Sekaligus menjadi potret ironis dari seorang pejabat publik yang seharusnya menjadi pengawas dan pelindung kepentingan rakyat.
Ucapan tersebut bukan saja terdengar sumbang. Tapi juga menunjukkan ketidaktepatan dalam memahami posisi serta tanggung jawab kelembagaan DPRD. Sebab rakyat bukanlah kontraktor, bukan pula inspektorat. Mereka adalah penerima manfaat pembangunan yang dibayari dari pajak dan utang negara.
Maka menjadi tanggung jawab negara—melalui kementerian teknis, pemerintah daerah, dan tentu DPRD sebagai lembaga pengawasan—untuk memastikan proyek berjalan dengan kualitas dan akuntabilitas yang tinggi.
Sikap “lempar bola” kepada masyarakat dalam konteks ini bisa dimaknai sebagai bentuk pembiaran. Bahkan kemunduran nalar demokrasi. Apalagi proyek yang dimaksud menggunakan anggaran miliaran rupiah dari APBN.
Kalau kualitasnya buruk, itu berarti ada masalah serius dalam perencanaan, pelaksanaan, atau pengawasan.
Sebagai Ketua DPRD, Zainal Arifin justru seharusnya tampil tegas dan kritis terhadap pelaksanaan proyek pemerintah. Ia punya alat kontrol berupa hak angket, hak interpelasi, hingga pengawasan langsung lewat komisi-komisi terkait.
Tidak layak kemudian menyudutkan masyarakat yang mengeluh terhadap hasil proyek dengan nada menyalahkan.
Pernyataan tersebut juga dikhawatirkan mematikan partisipasi publik. Bila suara rakyat yang mengkritik kualitas pembangunan dibalas dengan nada menyuruh bekerja sendiri, maka ke mana lagi masyarakat harus menyampaikan keluhannya?
Dalam sistem demokrasi, kritik dari rakyat adalah bahan bakar bagi perbaikan. Jika malah dimatikan, maka kontrol sosial akan lumpuh.

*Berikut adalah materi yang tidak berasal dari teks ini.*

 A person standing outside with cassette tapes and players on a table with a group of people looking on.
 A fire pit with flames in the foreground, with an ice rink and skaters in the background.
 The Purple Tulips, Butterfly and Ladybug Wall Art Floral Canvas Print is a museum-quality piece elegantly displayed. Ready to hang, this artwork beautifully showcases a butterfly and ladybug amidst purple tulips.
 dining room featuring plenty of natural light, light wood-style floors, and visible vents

DPRD bukan sekadar lembaga formal. Ia adalah bagian dari sistem checks and balances, penjaga integritas penyelenggaraan negara di daerah.
Ketika Ketua DPRD sendiri terkesan “menyerah” atau bahkan membalikkan tanggung jawab kepada rakyat. Maka ini alarm bahwa lembaga legislatif kita sedang kehilangan arah dan keberanian.
Sudah saatnya para pemimpin publik lebih bijak dalam berkomunikasi. Kritik rakyat bukanlah gangguan. Melainkan suara hati nurani yang perlu didengar, bukan dimatikan.
Dan tugas utama seorang Ketua DPRD adalah menjadi corong rakyat, bukan malah menyuruh rakyat mengambil alih tugas negara. Salah kaprah bos! Salah pilih konsultan ini ketua dewan kita. Tabik. (*)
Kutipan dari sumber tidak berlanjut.